Der Spender 10 ist von einer Art, die man Abdeckmaschine
oder -vorrichtung nennt, die in der US-A-4,990,214 beschrieben wird
und von der eine Ausführungsform
von der Minnesota Mining and Manufacturing Company, St. Paul, MN,
unter der Handelsbezeichnung "HandMasker"TM M3000
Dispenser verkauft wird. Im Wesentlichen weist dieser Spender 10 einen
polymeren Rahmen 12 mit einem Nabenstützrahmenelement 13 und
einem Griff 14 auf, mit dem man den Spender 10 manuell
handhaben kann. Auf dem Nabenstützrahmenelement 13 sind
eine erste und eine zweite Nabe 15 und 16 so angebracht, dass
sie sich um beabstandete, im Wesentlichen parallele Achsen 17 und 18 drehen.

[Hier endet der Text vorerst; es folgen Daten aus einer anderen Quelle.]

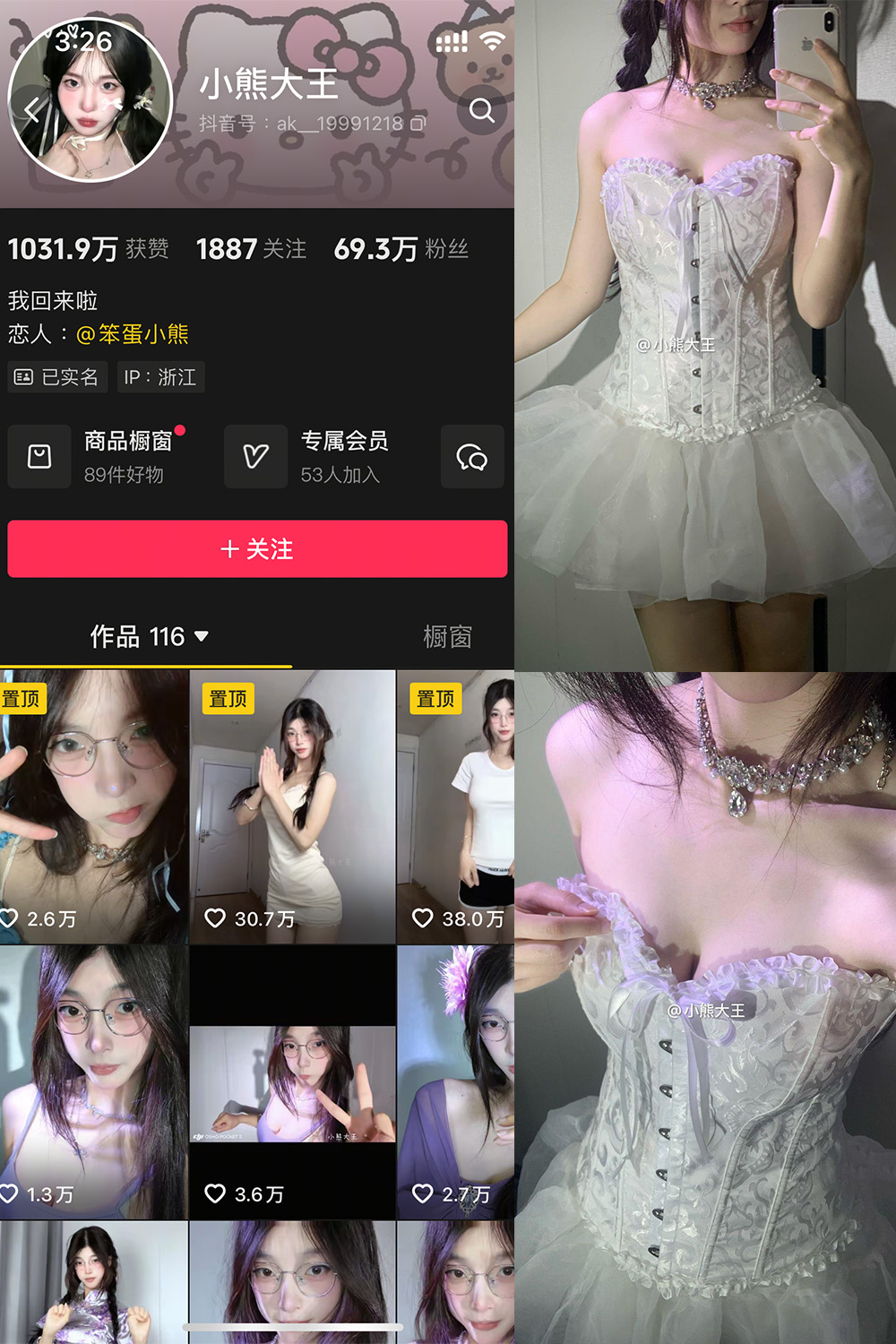 抖音 小熊大王 微密圈 001期 【32P】-珊瑚兔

Die erste Nabe 15 kann eine Rolle 20 aus Band 21 aufnehmen
und eine erste Kante 22 einer von der Rolle 20 abgezogenen Länge Band 21 an
einer ersten vorbestimmten Position axial bezüglich der ersten und der zweiten
Nabe 15 und 16 positionieren, wobei die gegenüberliegende
zweite Kante dieser abgezogenen Länge Band 21 über den
Rahmen 12 hinaus vorsteht. Die zweite Nabe 16 kann
eine Rolle 24 aus Abdeckmaterial 25 aufnehmen
und eine erste Kante 26 der Länge Abdeckmaterial 25 an
einer zweiten vorbestimmten Position axial bezüglich der ersten und der zweiten Nabe 15 und 16 positionieren,
wobei sich die Breite der BandLänge 21 von
der ersten Position über
die zweite Position hinaus und die Breite der Länge Abdeckmaterial 25 von
der zweiten Position über
die erste Position hinaus erstreckt. Sowohl ein Abschnitt der Länge Band 21 entlang
der ersten Kante 22 der Länge Band als auch ein Abschnitt
der Länge
Abdeckmaterial 25 entlang der ersten Kante 26 der
Länge Abdeckmaterial 25 sind
zwischen dieser ersten und zweiten Position positioniert. Der Spender 10 weist
ein Mittel einschließlich
eines Führungsstifts 27 auf,
das eine Bahn für
die Länge
Band 21 von der Rolle 20 aus Band 21 zu
der Peripherie der Rolle 24 aus Abdeckmaterial 25 definiert,
wo der Abschnitt des Bandes 21 entlang der ersten Kante 22 der
Länge Band 21 an
dem Abschnitt des Abdeckmaterials 25 entlang der ersten
Kante 26 der Länge
Abdeckmaterial 25 klebt. Dadurch, dass das Band 21 entlang der
Peripherie der Rolle 24 aus Abdeckmaterial 25 an diesem
klebt, wird ein flächiges
Abdeckverbundmaterial 28 gebildet, dessen gegenüberliegende
Kanten von den zweiten Kanten der Länge Band 21 und der Länge Abdeckmaterial 25 und
einem freiliegenden Abschnitt der Beschichtung aus Haftklebstoff
entlang der zweiten Kante auf der Länge Band 21 entlang
einer Hauptfläche
des flächigen
Abdeckverbundmaterials 28 definiert werden, so dass der
freiliegende Abschnitt der Klebstoffbeschichtung entlang einer abzudeckenden
Fläche
aufgeklebt werden kann, um das flächige Abdeck verbundmaterial 28 in
einer gewünschten
Position zu halten.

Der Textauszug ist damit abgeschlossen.